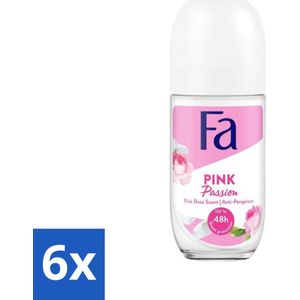 6 x Fa - Pink Passion - Deodorant Roller - Roze Roos - 50 ml - Deodorant - Antitranspirant - Fa - Pink Passion - Roze Roos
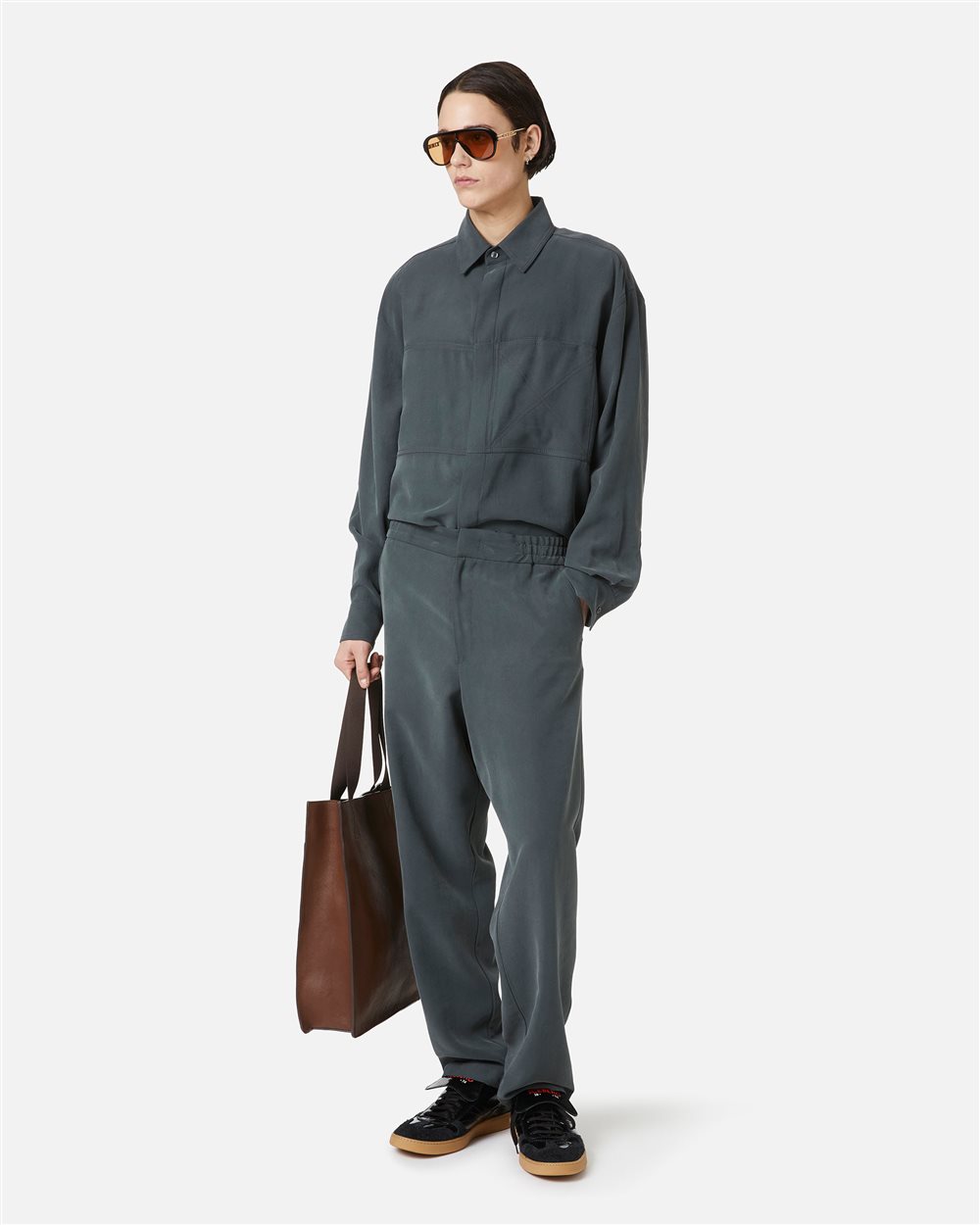 Dark grey over-fit shirt in fluid twill with tone-on-tone stitching and metallic detail - Iceberg - Official Website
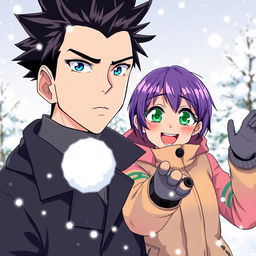 A serious man with bright blue eyes and black spiky hair is seen alongside a playful woman with short purple hair and vibrant green eyes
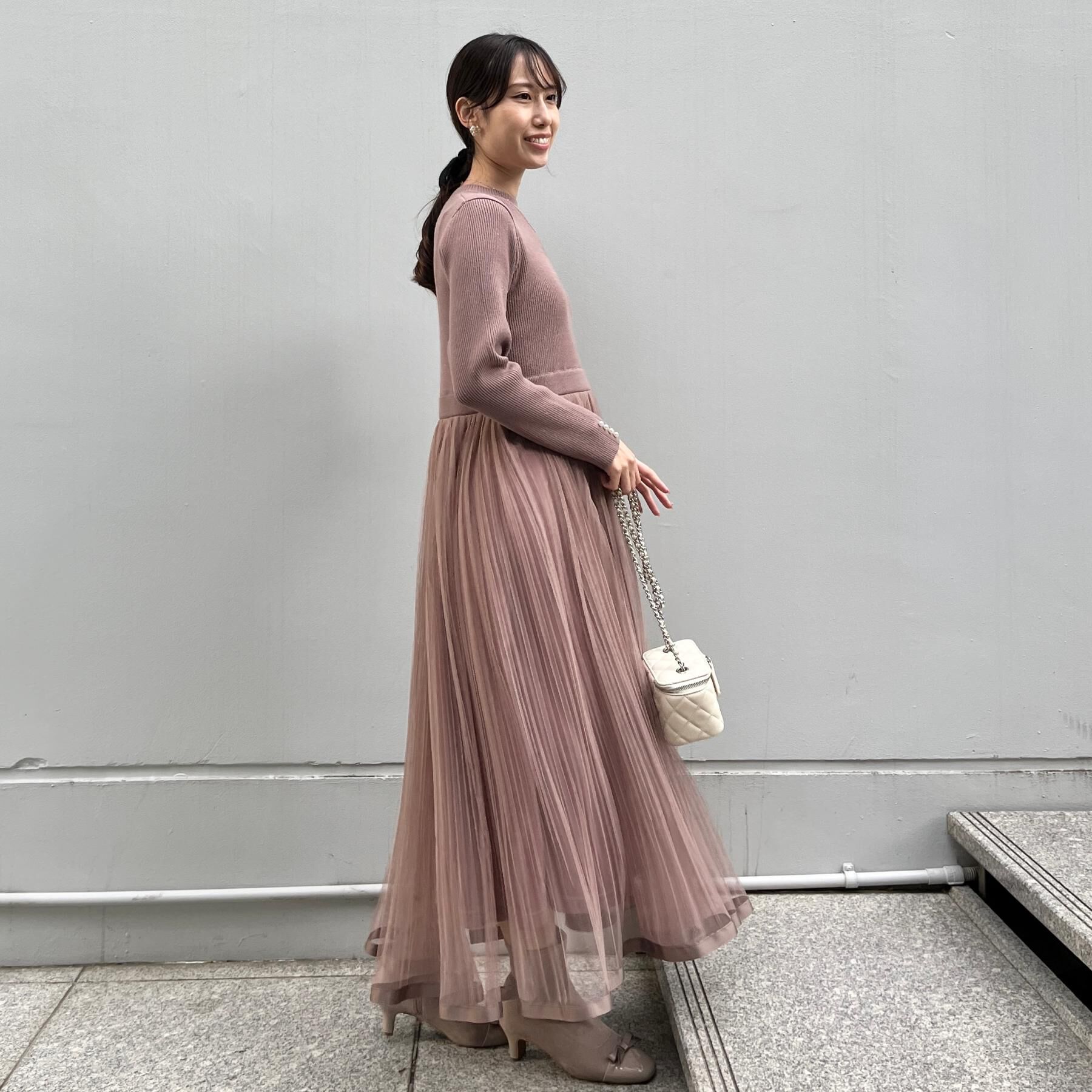 Couture broach「【S-LL/キラキラリブニット】チュールドッキング ワンピース」|ワンピース|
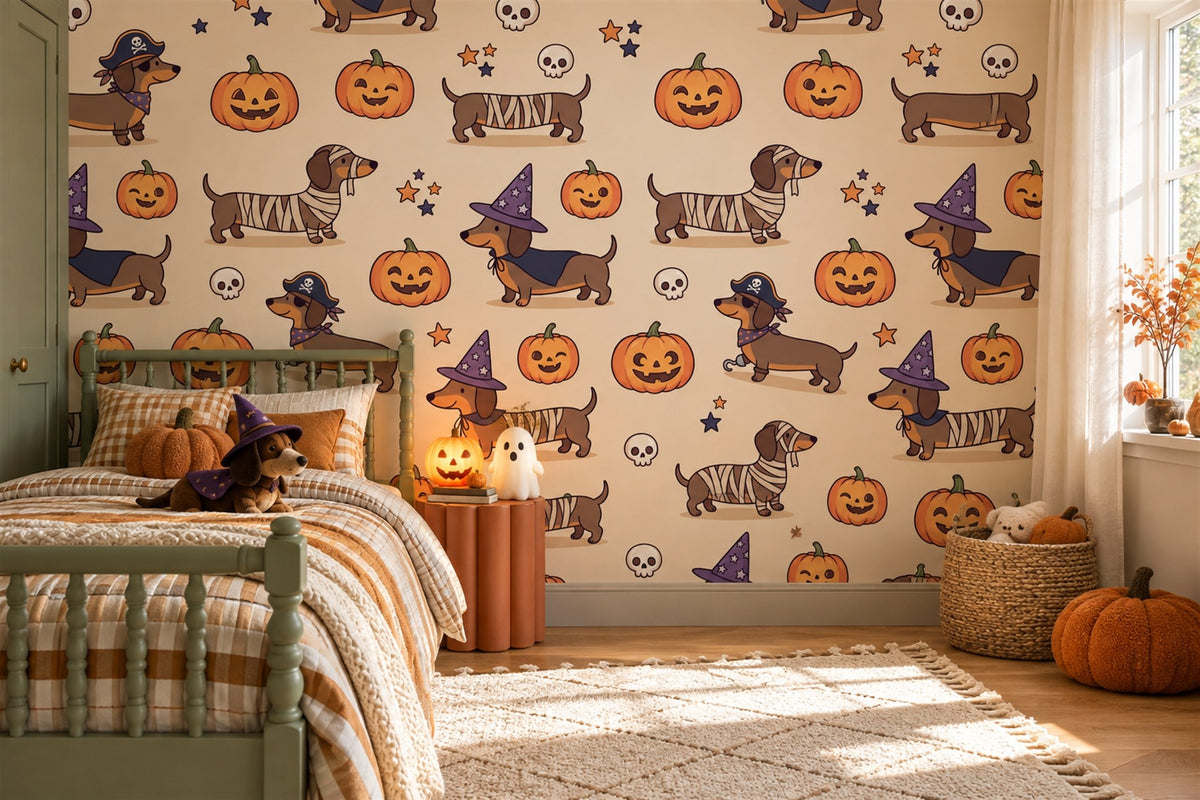 Witch Dachshunds Pumpkins and Stars Halloween Wallpaper Mural - image 4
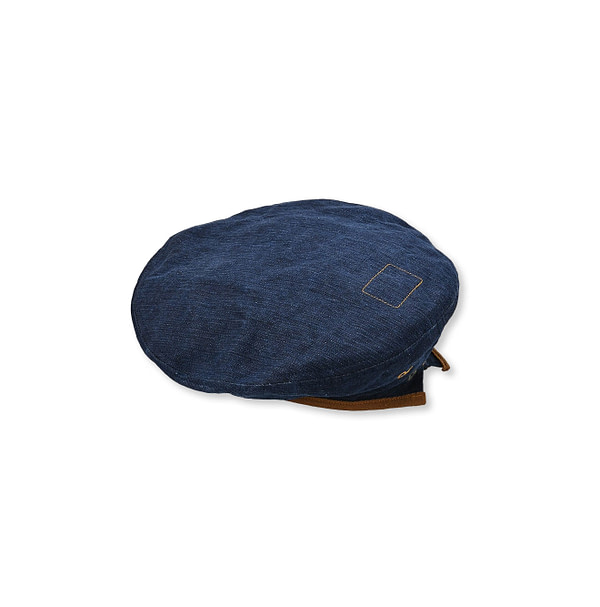 Indigo Linen Herringbone Beret Indigo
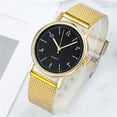 thumbnail image 3 of Resicozy Womens Watches 2026 Casual Round Dial Quartz Watch with Mesh Strap Gold with Black Face, 3 of 3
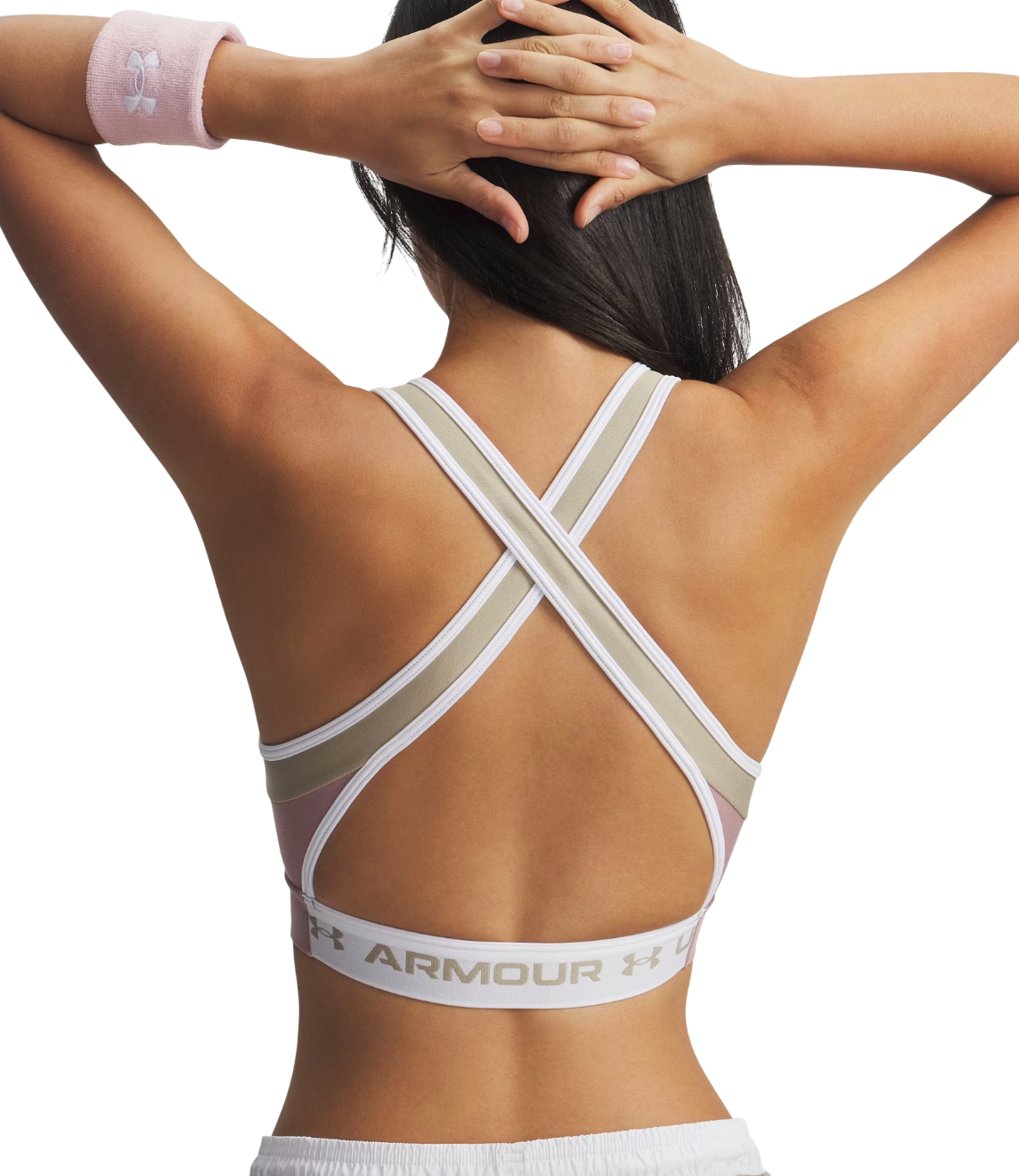 Podprsenka Under Armour Sports Bra Crossback Mid Open Back Ružová | 6005838-673, 1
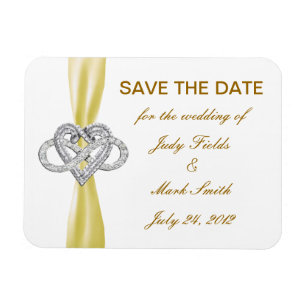 Yellow Infinity Heart Save The Date Magnet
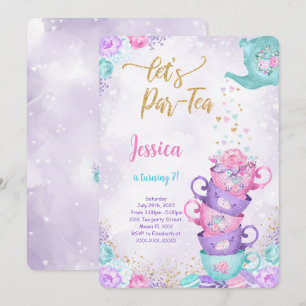 Tea Party violet et rose Invitation Anniversaire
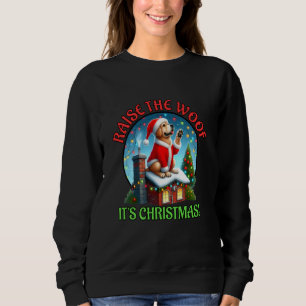 Camiseta Cachorro de Natal Levanta o Woof São Papais noeis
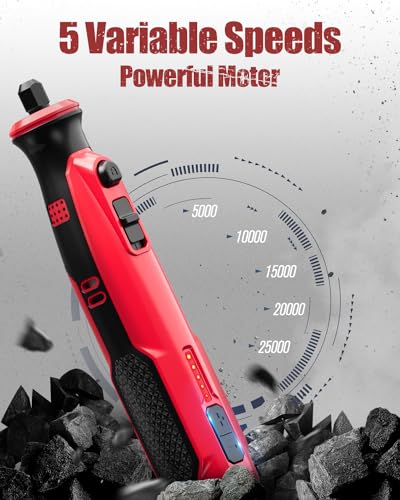 AVID POWER 8V Cordless Rotary Tool 5 Speeds Dog Nail Grinder 4 LED Lights - color: Light Red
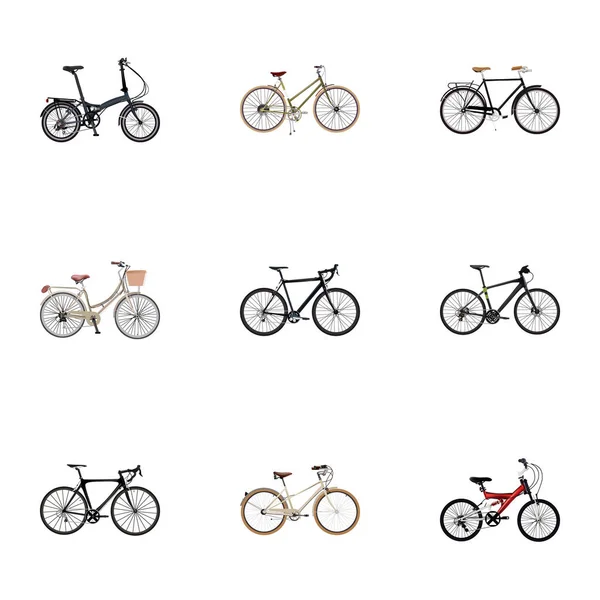 Készlet-ból kerékpár reális szimbólumok nő ciklus, közúti sebesség, vintage és más ikonok a webes mozgatható app logo tervezés. — Stock Vector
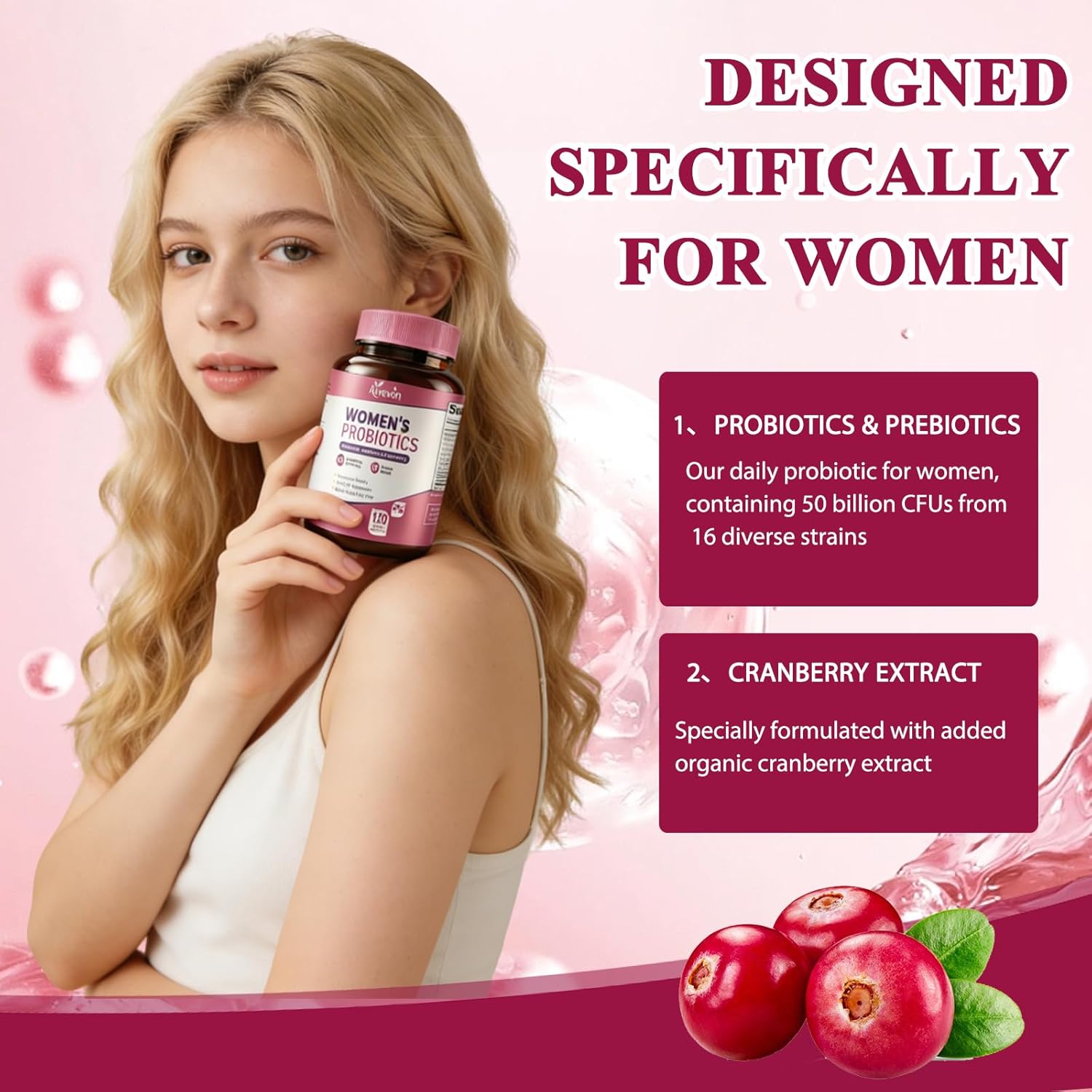 Women Probiotics 50 Billion CFU: Probiotics for Women with Prebiotics & Cranberry, 16 Strain Probiotic Supplement for Digestive Gut Health, Vaginal & Urinary Tract Support Vegan Probiotic 120 Capsules - Image 4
┄┄┄┄┄┄
### Instructions for the task:
Beginning with the line that holds "Camiseta Cachorro de" and ending with the last line of the material above, extract every line exactly, pictures excluded.

### Answer section:
 Camiseta Cachorro de Natal Levanta o Woof São Papais noeis
 AVID POWER 8V Cordless Rotary Tool 5 Speeds Dog Nail Grinder 4 LED Lights - color: Light Red
 Készlet-ból kerékpár reális szimbólumok nő ciklus, közúti sebesség, vintage és más ikonok a webes mozgatható app logo tervezés. — Stock Vector
 Women Probiotics 50 Billion CFU: Probiotics for Women with Prebiotics & Cranberry, 16 Strain Probiotic Supplement for Digestive Gut Health, Vaginal & Urinary Tract Support Vegan Probiotic 120 Capsules - Image 4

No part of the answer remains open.